Nearly two months ago, Toronto was devastated by a horrific attack. On April 23rd, a lone terrorist plowed a rental van through a sidewalk in North York, killing ten people and injuring 16 others. It was declared the worst mass killing in recent Canadian history.
Yesterday, the North York Centre unveiled a massive art installation honouring and commemorating the victims of the deadly van attack. The display, initiated by quilter Berene Campbell and supported by North York Arts and North York Centre, features a series of brightly coloured banners, "stitched with messages of hope, peace and love."
The art installation has been named the Toronto Love Project and will be on display in the centre until September 8th. The centre is just steps away from the scene of the van attack, where a sprawling makeshift memorial for the victims still stands.

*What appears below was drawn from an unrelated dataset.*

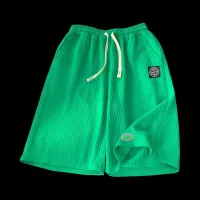 [IN STOCK] 2022Stone Island Ice Silk Pleated Tricolor Shorts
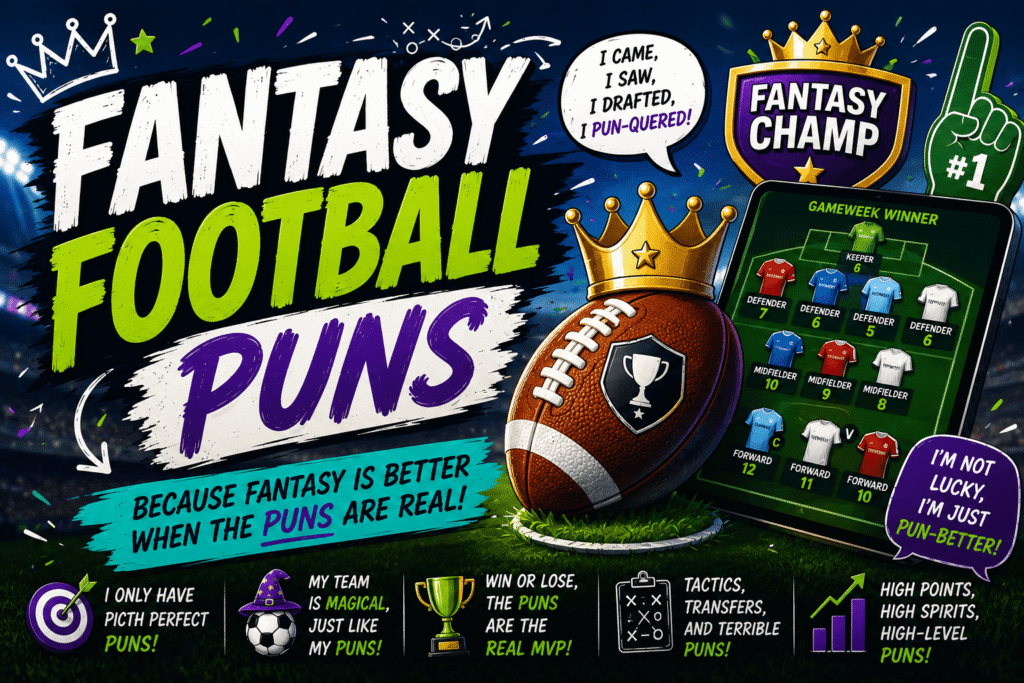 Funny Football Puns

The mesmerizing colourful banners hang just below the glass skylight, allowing the sun to shine directly into the building. The installation intends to "counter the hate and sadness of the attack."
The banners were created by a community of quilters from around the world. The creators of the project said that they received "71 banners, most of them are from Canada (Vancouver to New Brunswick), with some sent from the USA and Australia."
Two men and eight women lost their lives in the tragic attack. The city of Toronto managed to collectively raise over $1 million for the victims' families, with donations from major corporations, professional sports teams, and organizations from all over the country.
The Toronto Police Service has charged 25-year-old Alek Minassian with 10 counts of first-degree murder and 16 counts of attempted murder. He is scheduled to appear in court on September 14th.